Mio padre, educatore piuttosto rigido in famiglia, mi ha insegnato che la modestia è una virtù. Mi ha anche spiegato pazientemente che come modestia si intende qualcosa di simile a sminuire le proprie capacità e, pensando forse di farmi un complimento, mi disse che non avrei avuto particolari problemi ad essere modesta, non avendo particolari capacità di cui vantarmi.
Negli anni ho studiato la Bibbia, la Kabbalah e l’I Ching: tre testi che ci sono arrivati attraverso i secoli, pieni di saggezza e spiritualità.
Tutti e tre parlano di modestia, ma il concetto, praticamente uguale nei tre Libri, presenta alcune importanti diversità con ciò che avevo imparato.
Modestia significa non vantarsi dei risultati ottenuti, non cercare successi esclusivamente a proprio beneficio, non affannarsi in imprese al di sopra delle proprie capacità, ma anche non rifuggire compiti che, invece, siamo in grado di portare a termine, per quanto sembrino gravosi o difficili.
La persona modesta è attiva e soprattutto proattiva: agisce in armonia con l’universo, il proprio compito e il proprio destino.

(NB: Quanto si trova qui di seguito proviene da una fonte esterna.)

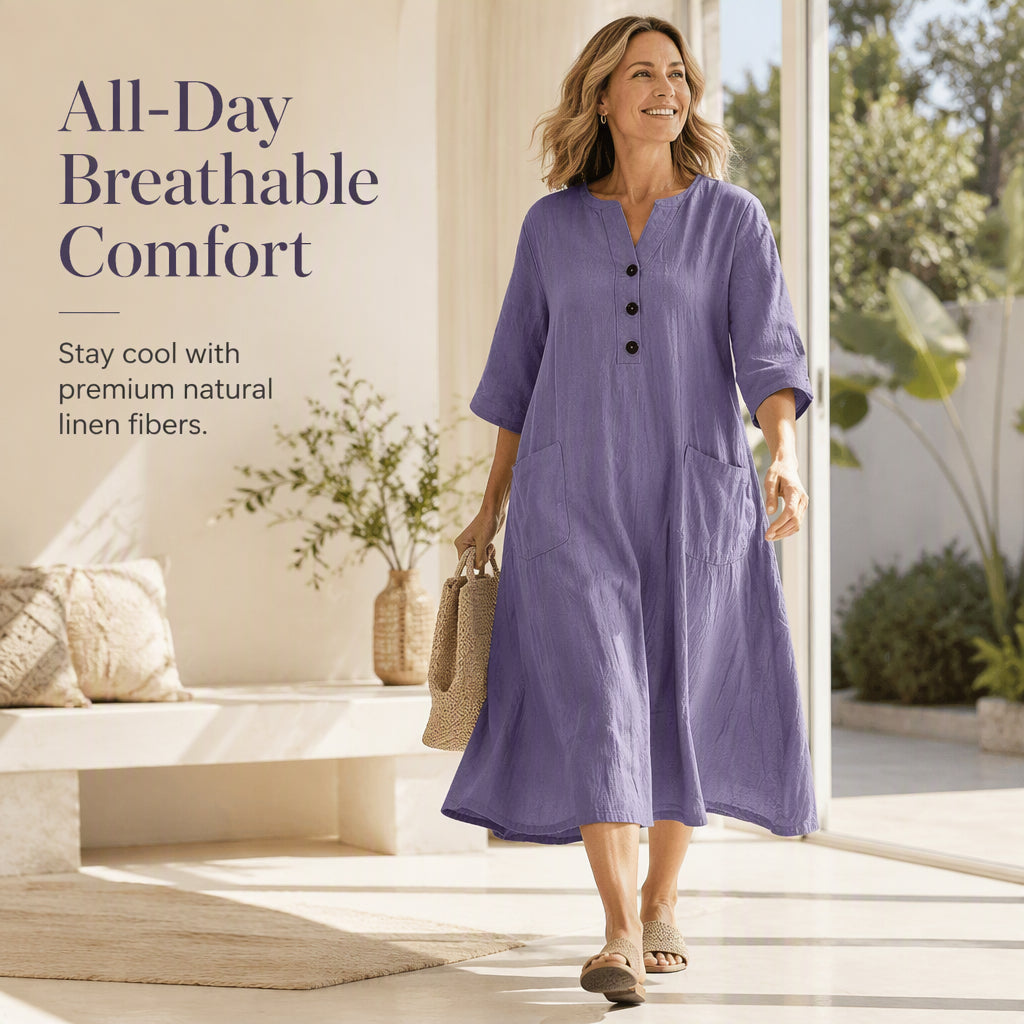 Women¡¯s Oversized A-Line Midi Dress with Pockets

Davanti ad un incarico che appare terrificante, quasi impossibile, non si ritrae, ma si impegna a comprendere se è necessario per il bene comune e se il compito gli viene segnalato dal proprio ego o dal destino, o da Dio stesso. Nel primo caso si ritrae, ma nel secondo caso non importa quanto dovrà studiare o faticare: il compito verrà portato a termine.